The government should consider introducing a ban on strikes on the Tube, Conservatives on the London Assembly say. Their call follows threats made last week by the RMT to strike during Christmas and on New Year’s Eve. It also comes on the day the Tube union is expected to announce the result of a ballot of train drivers, who may work-to-rule in support of the workers threatening the Christmas strikes.

Chairman of the London Assembly Transport Committee and Conservative Member Roger Evans said, “Londoners are fed up with the RMT’s strike threats, especially when they are made during the festive period. Why should London be held to ransom by a minority of militant unionists? The government should consider introducing a ban on strikes on the Tube.”

This is the seventh year in the past decade the RMT has threatened strikes during the Christmas period. The Conservatives say enough is enough – and it is time a strike ban was considered.
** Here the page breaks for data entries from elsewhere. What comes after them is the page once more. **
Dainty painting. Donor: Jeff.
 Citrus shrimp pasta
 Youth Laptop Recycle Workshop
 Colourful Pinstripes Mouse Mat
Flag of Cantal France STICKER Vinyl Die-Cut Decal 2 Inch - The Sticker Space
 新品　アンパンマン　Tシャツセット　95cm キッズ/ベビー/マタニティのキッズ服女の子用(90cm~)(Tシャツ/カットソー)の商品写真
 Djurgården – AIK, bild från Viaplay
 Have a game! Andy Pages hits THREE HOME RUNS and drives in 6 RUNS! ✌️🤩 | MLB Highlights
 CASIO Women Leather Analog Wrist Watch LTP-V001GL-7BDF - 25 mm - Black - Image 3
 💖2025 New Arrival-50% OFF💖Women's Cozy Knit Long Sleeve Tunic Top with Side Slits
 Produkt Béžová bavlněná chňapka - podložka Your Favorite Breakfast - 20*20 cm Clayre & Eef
Other options for reducing the impact of strikes could include: a system whereby strikers have their pay docked for a period of time or, bringing in a requirement that at least half the union’s membership actually have to vote for a strike. Currently, it is often the case that only a small proportion of the membership participate in ballots, leaving open the possibility that a few dozen members can hold London to ransom.”

The RMT is expected to announce later today the result of a ballot of 1500 train drivers for action short of a strike. This effectively means a work to rule – in support of the 1800 engineering staff, who agreed last Friday to strike on three of the days during the last week before Christmas. In a separate dispute about the length of the working week, the RMT also announced on Friday plans to ballot station staff, which could result in a strike on New Year’s Eve.